Freddy Gray Freddy Gray

Republicans revolting against Donald Trump should look at the Labour Party, and despair

The Donald Trump story and the Jeremy Corbyn story are same tale told by different countries. A political party reinvents itself in the 1990s, wins power, but then dishonestly drags its nation into a terrible war in Iraq. It becomes widely reviled. The party is still in power a few years later when the financial system collapses. The party takes desperate measures to keep the country’s economy going – rescuing failed banks – but that in turn leads to more unpopularity and distrust among the public. It loses power. In opposition, the party’s base – its core voters – starts to revolt. The party then loses another election. Then the party’s grassroots have a chance to reject the party leadership, which they do. The voters elect instead a leader who seems unelectable, a joke figure. Journalists scoff, the party is humiliated, and everybody thinks it is funny. The party elite and its media backers try to organise coup after coup against the new leader, but that only entrenches his position. A strong (yet oddly ironic) personality cult has developed around the new leader, so that the worse he performs – and the more the media pours scorn on him – the more his supporters worship him.

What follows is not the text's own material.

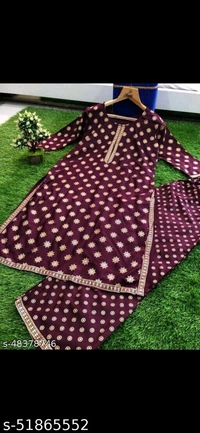 Rayon Gold Printed Trendy Kurta Palazzo Set For Women  - 0, 24x7, multi color , XL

There are of course great differences between Labour’s plight and the Republican Party’s. Jeremy Corbyn is no Donald Trump, and vice-versa. But the moral lesson is the same. This tale of two parties is a powerful allegory about what happens when you take voters for granted for too long. And the Republican Party leaders now launching a late, hopeless rebellion against Donald Trump this weekend should look at what has happened to the Labour Party, and despair. What these Grand Old Party bigwigs don’t realise – or can’t accept – is that, however much the public may think Trump’s candidacy farcical and find him appalling, voters hate them far than they could ever hate the Donald. The more cynically these establishment politicians move against the leader – endorsing him one day then turning on him the next – the more they confirm the public’s suspicion that they are lying crooks who will stop at nothing to preserve their power. The latest coup against Trump, just like the latest attempt to force Jeremy Corbyn to resign, has only strengthened his position among his supporters. Look at the ovation the Republican nominee received outside Trump Tower last night.

The most pressing difference, of course, is that Donald Trump’s big election test is in four weeks, whereas Jeremy Corbyn might not face a general election until 2020. This makes this weekend’s revolt against Trump both more urgent and too late. It will not work (it actually cannot work, legally) but it will confirm another suspicion – that the GOP, like Labour, is a dead beast.